Sommaire de l'article
  1. Le 30 juin, un vote à 25 voix contre 25
  2. Pourquoi le patronat a bloqué la hausse
  3. Ce que le gel change sur votre allocation
  4. Et pour les annexes 8 et 10, spécifiquement ?
  5. Que pouvez-vous faire maintenant ?

01Le 30 juin, un vote à 25 voix contre 25

Le 30 juin 2026, le Conseil d'administration de l'Unédic — l'organisme paritaire qui gère l'Assurance chômage — s'est réuni pour trancher une question simple : faut-il augmenter les allocations au 1er juillet ?

Sa décision officielle est tombée le même jour : rien ne change. Le communiqué de l'Unédic est sans ambiguïté : « aucune majorité n'a pu être réunie pour revaloriser les allocations chômage au 1er juillet 2026 », si bien que « les montants journaliers actuels sont maintenus »1.

Ce que le communiqué officiel ne détaille pas, mais que plusieurs rédactions ont reconstitué à partir des déclarations d'administrateurs présents dans la salle et d'informations recueillies par l'Agence France-Presse : le vote se serait terminé à 25 voix pour une hausse de +2,41 %, proposée à l'unanimité par les cinq organisations syndicales, contre 25 voix du patronat, opposé à toute augmentation. Une égalité parfaite — et dans les règles de gouvernance paritaire de l'Unédic, une égalité vaut un rejet. Ce chiffre précis (25/25 et +2,41 %) n'apparaît pas tel quel dans le communiqué officiel de l'Unédic ; nous le mentionnons donc comme une information de presse, pas comme un fait confirmé en ces termes par l'Unédic elle-même.

Ce qui, en revanche, est confirmé par l'Unédic : ce type de blocage n'est pas arrivé depuis dix ans. La dernière fois que les allocations n'avaient pas été revalorisées, c'était en 20161.
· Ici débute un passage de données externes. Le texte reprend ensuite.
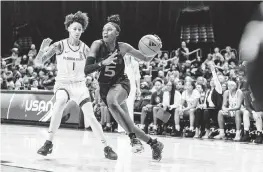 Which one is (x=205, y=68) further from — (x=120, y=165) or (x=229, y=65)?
(x=120, y=165)

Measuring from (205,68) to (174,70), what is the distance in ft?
2.99

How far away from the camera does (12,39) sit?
19219 millimetres

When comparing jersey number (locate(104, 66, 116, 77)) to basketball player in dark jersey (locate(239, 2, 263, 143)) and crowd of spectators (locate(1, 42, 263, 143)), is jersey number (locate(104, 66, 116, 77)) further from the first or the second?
basketball player in dark jersey (locate(239, 2, 263, 143))

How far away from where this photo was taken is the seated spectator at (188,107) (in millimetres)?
8742

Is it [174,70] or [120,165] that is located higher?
[174,70]

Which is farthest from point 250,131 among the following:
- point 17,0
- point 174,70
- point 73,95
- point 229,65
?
point 17,0

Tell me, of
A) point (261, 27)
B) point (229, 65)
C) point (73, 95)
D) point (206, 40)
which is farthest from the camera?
point (206, 40)

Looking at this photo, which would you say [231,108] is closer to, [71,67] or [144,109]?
[144,109]

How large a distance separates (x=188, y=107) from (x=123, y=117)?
4.87m

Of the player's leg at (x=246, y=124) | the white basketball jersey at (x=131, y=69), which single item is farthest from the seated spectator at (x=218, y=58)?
the white basketball jersey at (x=131, y=69)

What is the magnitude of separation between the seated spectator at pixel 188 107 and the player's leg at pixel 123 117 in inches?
177

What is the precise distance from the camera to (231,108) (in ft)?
26.6

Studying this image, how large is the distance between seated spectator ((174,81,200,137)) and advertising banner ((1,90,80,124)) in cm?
306

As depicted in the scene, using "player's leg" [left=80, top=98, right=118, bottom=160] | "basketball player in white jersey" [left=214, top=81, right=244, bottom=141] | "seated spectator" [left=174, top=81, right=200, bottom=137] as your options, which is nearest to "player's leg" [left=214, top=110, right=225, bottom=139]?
"basketball player in white jersey" [left=214, top=81, right=244, bottom=141] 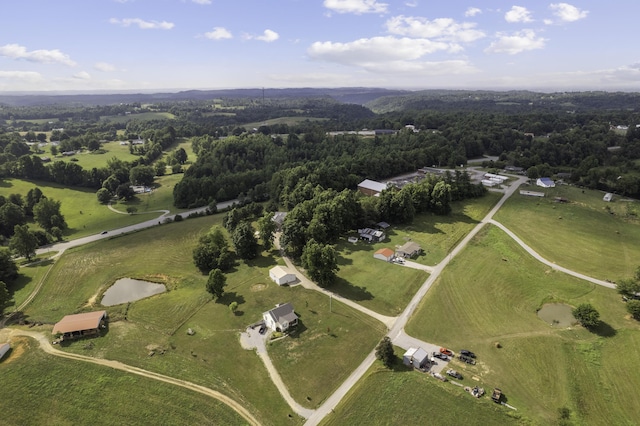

Ce que dit le texteCe que dit le communiqué officiel de l'Unédic
« Lors du Conseil d'administration de l'Unédic du 30 juin, réunissant les organisations représentatives des salariés et des employeurs, aucune majorité n'a pu être réunie pour revaloriser les allocations chômage au 1er juillet 2026. […] Ainsi les montants journaliers actuels sont maintenus. »
Source : Unédic

02Pourquoi le patronat a bloqué la hausse

Le patronat justifie son refus par l'état des comptes de l'Assurance chômage — présentés au même Conseil d'administration, le même jour.

Les chiffres sont sans détour. Le régime afficherait un déficit de 2,3 milliards d'euros en 2026, et sa dette atteindrait 61,5 milliards d'euros fin 20262. Les comptes 2025, eux, se soldent par une perte de 23 millions d'euros, malgré une certification « sans réserve » par les commissaires aux comptes2. En cause notamment : le prélèvement de l'État sur les ressources de l'Assurance chômage (4,1 milliards d'euros en 2026, 12,05 milliards cumulés depuis 2023) et le poids des intérêts liés au remboursement de la dette contractée pendant la crise sanitaire2. Pour financer ses besoins, l'Unédic envisage de demander une nouvelle garantie de l'État de 8 milliards d'euros pour 20272.

Autrement dit : sur le papier, chaque partie a un argument qui tient. Les syndicats pointent une inflation et un Smic qui ont progressé sur douze mois, et demandent que les allocations suivent. Le patronat pointe une dette qui approche les 62 milliards d'euros et refuse d'alourdir la facture. Résultat : ni l'un ni l'autre n'a eu le dernier mot, et c'est vous qui en supportez la conséquence directe.

Ce que dit le texteCe que dit la synthèse financière présentée le même jour
« Le régime d'assurance chômage enregistrerait un solde négatif en 2026 (–2,3 Md€) […] La dette du régime atteindrait 61,5 Md€ fin 2026 […] l'Assurance chômage présente une perte de 23 M€. »
Source : Unédic
Table de réunion vide avec deux rangées de chaises se faisant face, symbole d'un vote bloqué
Un vote à égalité parfaite : dans les règles de l'Unédic, cela vaut un rejet.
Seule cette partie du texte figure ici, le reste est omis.